Your task:
Your task is to retype, exactly and without pictures, the line holding "Casa constructie noua" and each line that follows it to the end of the entries.
BEGIN
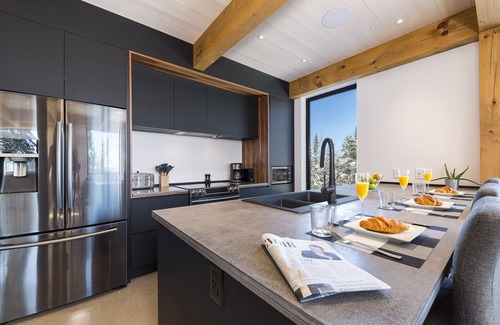 Petite-Riviere-Saint-Francois Villa | Chalet Valhalla - views, hot tub and coziness - less than 15km from Le Massif
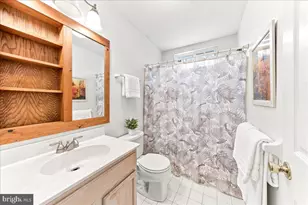 18 Pin Oak Dr, Phoenixville, PA 19460 - Photo 30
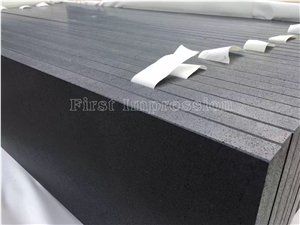 Chinese Gray Basalt Stone/Gray Basalt Slabs & Tiles/Basalto/Grey Basalt/Andesite/Lava Stone/Walling/Flooring/Cladding/Covering Tiles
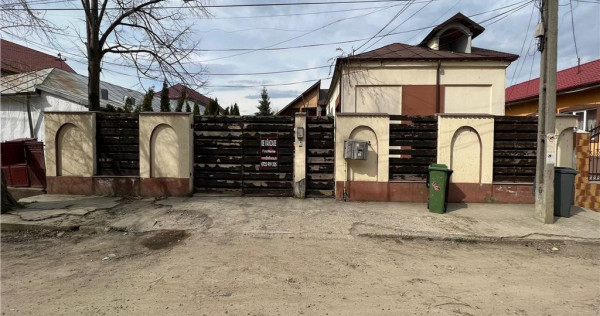 Casa constructie noua la rosu de P M in Focsani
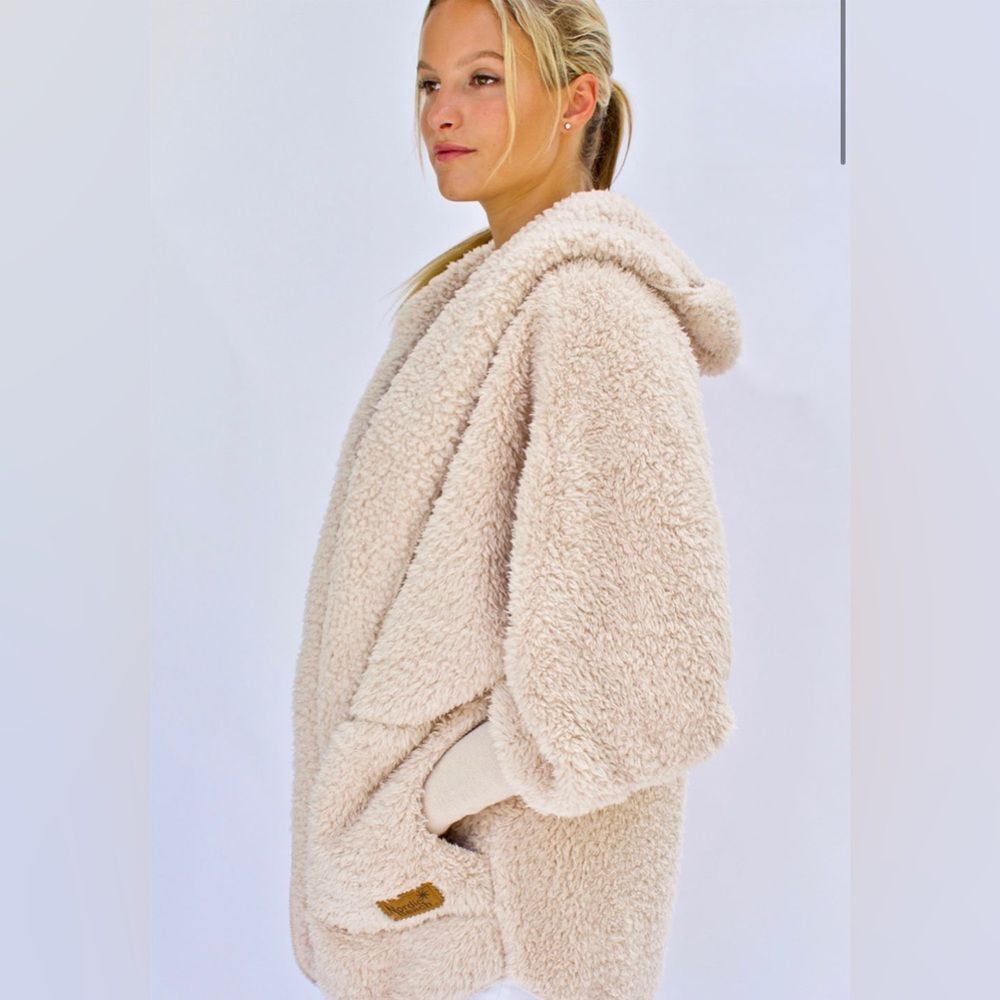 NORDIC BEACH SHACKET- Fluffy Frappe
END
Reply to the exercise:
 Casa constructie noua la rosu de P M in Focsani
 NORDIC BEACH SHACKET- Fluffy Frappe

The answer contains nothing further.